The proposal begins by specifying a Scheme interface to first-class
environments, a cornerstone of the new facility. It then describes the initial
set of environments in the system; this arrangement is in place >before< the
first file of code is LOADed. Next, it suggests a syntax and semantics for
files of Scheme code that allows fine-grained but convenient control over the
environment structure. Finally, it presents an example of a file using the new
facility.
The proposal proper is followed by some answers to questions that we anticipate
conerning the proposal.
FIRST-CLASS ENVIRONMENTS
We propose the addition to Scheme of first-class environment values. These are
precisely the environments currently used by the Scheme interpreter with one
cosmetic addition, a human-readable >identifier< for the environment.
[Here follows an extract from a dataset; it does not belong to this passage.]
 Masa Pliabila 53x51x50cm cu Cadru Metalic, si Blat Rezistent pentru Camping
The
procedures defined on environments are as follows:
MAKE-ENVIRONMENT <id> <parent> ... [Procedure]
Creates and returns a new environment with the given <parents> (if any) and
the given identifying value, <id>, usually a string. <Id> is strictly for
debugging purposes; it is output as a part of the printed representation of
the new environment. The <parents>, on the other hand, are of semantic
interest, since variable-lookup in the resulting environment will continue
into the parents if the requested symbol has no binding in the child
environment. Variable lookup is depth-first and left-to-right among
multiple parents.
ENVIRONMENT? <object> [Procedure]
Returns true if and only if <object> is an environment.
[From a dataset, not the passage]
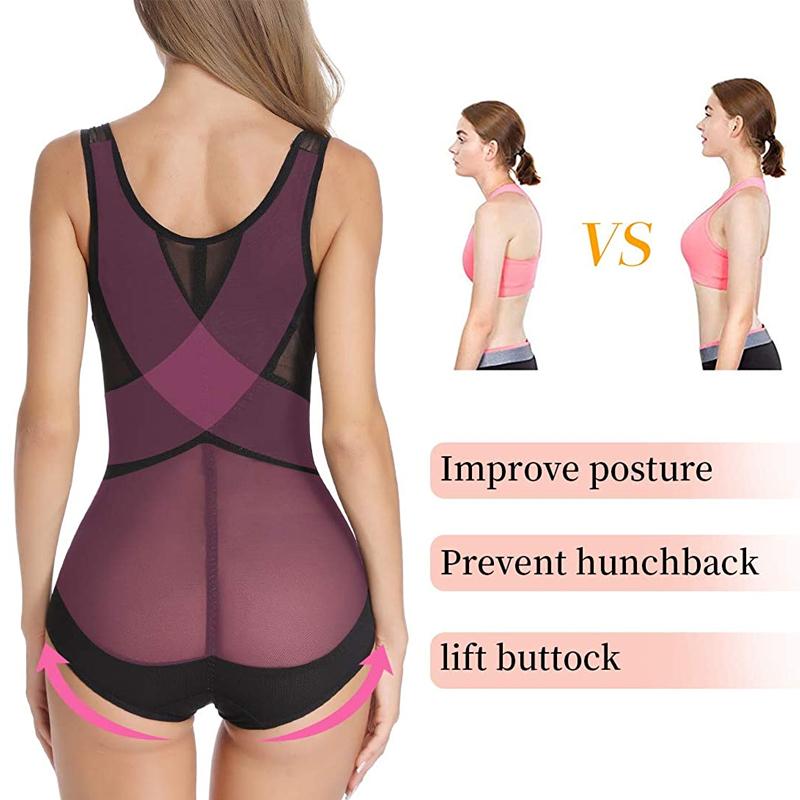 Shapewear Bodysuit Korzet za hujšanje - Image 6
ENVIRONMENT-ID <env> [Procedure]
Return the value specified for the <id> parameter to the call to
MAKE-ENVIRONMENT that created <env>, or #F if none was specified.
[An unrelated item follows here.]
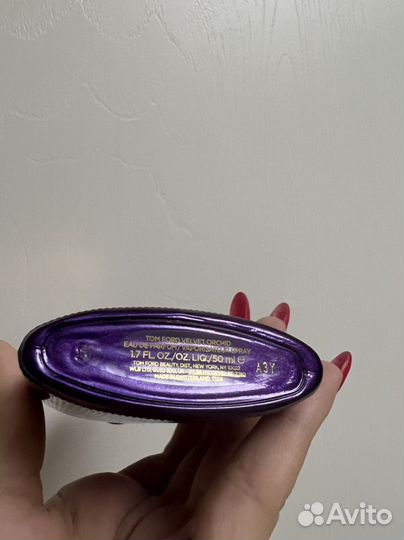 Tom ford velvet orchid оригинал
ENVIRONMENT-PARENTS <env> [Procedure]
Return a list of the values specified for the <parent> parameters to the
call to MAKE-ENVIRONMENT that created <env>. It is an error to perform
destructive operations on this list.
ENVIRONMENT-REF <env> <symbol> [Procedure]
Return the value bound to <symbol> in <env> (or its ancestors), signalling
an error if no such binding exists.
ENVIRONMENT-SET! <env> <symbol> <value> [Procedure]
Change the value bound to <symbol> in <env> (or its ancestors) to <value>,
signalling an error if no such binding exists.
ENVIRONMENT-DEFINE! <env> <symbol> <value> [Procedure]
Change the value bound to <symbol> in <env> (NOT its ancestors) to <value>,
adding such a binding to <env> if none exists. Note that
ENVIRONMENT-DEFINE! never affects any ancestor of <env>, only <env> itself.
ENVIRONMENT-BOUND? <env> <symbol> [Procedure]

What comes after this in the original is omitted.